LSH algoritmasını basitleştirmek için vektörlerimizi 2 boyutta düşünelim. ( !REKLAMLAR! İsterseniz bir önceki yazımdaki PCA algoritmasına bakarak boyut düşürme hakkında fikir elde edebilirsiniz. !REKLAMLAR! ). Şekil-6'daki her bir nokta bir kelime vektörünü ifade ediyorsa, biz bu noktaları düzlemlere ( Plane ) bölerek aradığımız kelime vektörünün yakınındaki noktalara ulaşabiliriz.

Şekil-6 Locality Sensitive Hashing 2 Boyutta Gösterimi

Bu düzlemler üzerinde turuncu ve mavi vektörler gibi zıt yönlü veya eflatun vektör gibi düzleme dik normal vektörler oluşturabiliriz. İşte bu vektörler yukarıda bahsettiğim hash değerlerini kelime vektörlerinden çıkarmamıza çok yardımcı olacak.

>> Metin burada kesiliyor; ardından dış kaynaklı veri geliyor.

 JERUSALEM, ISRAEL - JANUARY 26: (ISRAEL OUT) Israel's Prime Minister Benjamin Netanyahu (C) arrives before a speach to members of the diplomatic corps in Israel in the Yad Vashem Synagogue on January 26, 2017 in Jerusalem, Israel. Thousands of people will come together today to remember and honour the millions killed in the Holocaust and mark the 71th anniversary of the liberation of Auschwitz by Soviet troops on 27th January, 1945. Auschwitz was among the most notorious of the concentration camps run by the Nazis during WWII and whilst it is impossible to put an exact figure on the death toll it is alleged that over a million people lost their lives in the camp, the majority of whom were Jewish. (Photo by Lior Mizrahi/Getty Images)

Şekil-7 Düzlemlerin Gösterimi

Şimdi diyelim ki V1,V2,V3 olmak üzere 3 adet vektörümüz, eflatun çizgili olarak gösterilmiş bir düzlemimiz ve buna dik olan normal vektörümüz P1 var.

Şekil-8

Eğer biz bu vektörlerle P normal vektörünü çarparsak ilginç bir sonuç elde edeceğiz.

PV1 = 1*1 + 1*2 = 3

PV2 = 1*-1 + 1*1 = 0

PV2 = 1*-2 + 1*-1 = -3

Eğer fark ettiyseniz düzlemin bir tarafında olan vektörlerin sonucu pozitif, düzleme paralel olanlar 0, düzlemin diğer tarafında olanlar ise negatif sonuç vermektedir. Bu sayede birbirlerine yakın olan vektörler aynı tip sonuçları verecek ve aramamız çok daha kolaylaşacak :D

Locality Sensitive Hashing’i kavradıysak bunu çoklu düzlemlerde uygulayalım.

Şekil-8 Çoklu Düzlemde LSH uygulaması

Şekil-8'de eflatun, mavi ve turuncu olmak üzere 3 farklı düzlem var ve her bir işareti birer vektör olarak varsayarsak düzlemin hangi tarafında olduğunu bulmayı öğrendik.

Bir kelime vektörünün işareti pozitif veya sıfır ise 1 değerini aksi halde 0 değerini vererek “h” değerini elde edelim. Şekil-8'deki gibi 1,1,0 değerlerini elde ettik. Yapmamız gereken tek işlem 2'nin kuvvetleri ile çarparak sonucu toplamak. Bu değeri kelime vektörümüzün hash değeri diyebiliriz :D

Şekil-9 Çoklu Düzlemde LSH Formülü

Değinmemiz gereken son bir konu kaldı. Bu düzlemleri neye göre oluşturacağız? Oluşturduğumuz düzlemler ideal mi?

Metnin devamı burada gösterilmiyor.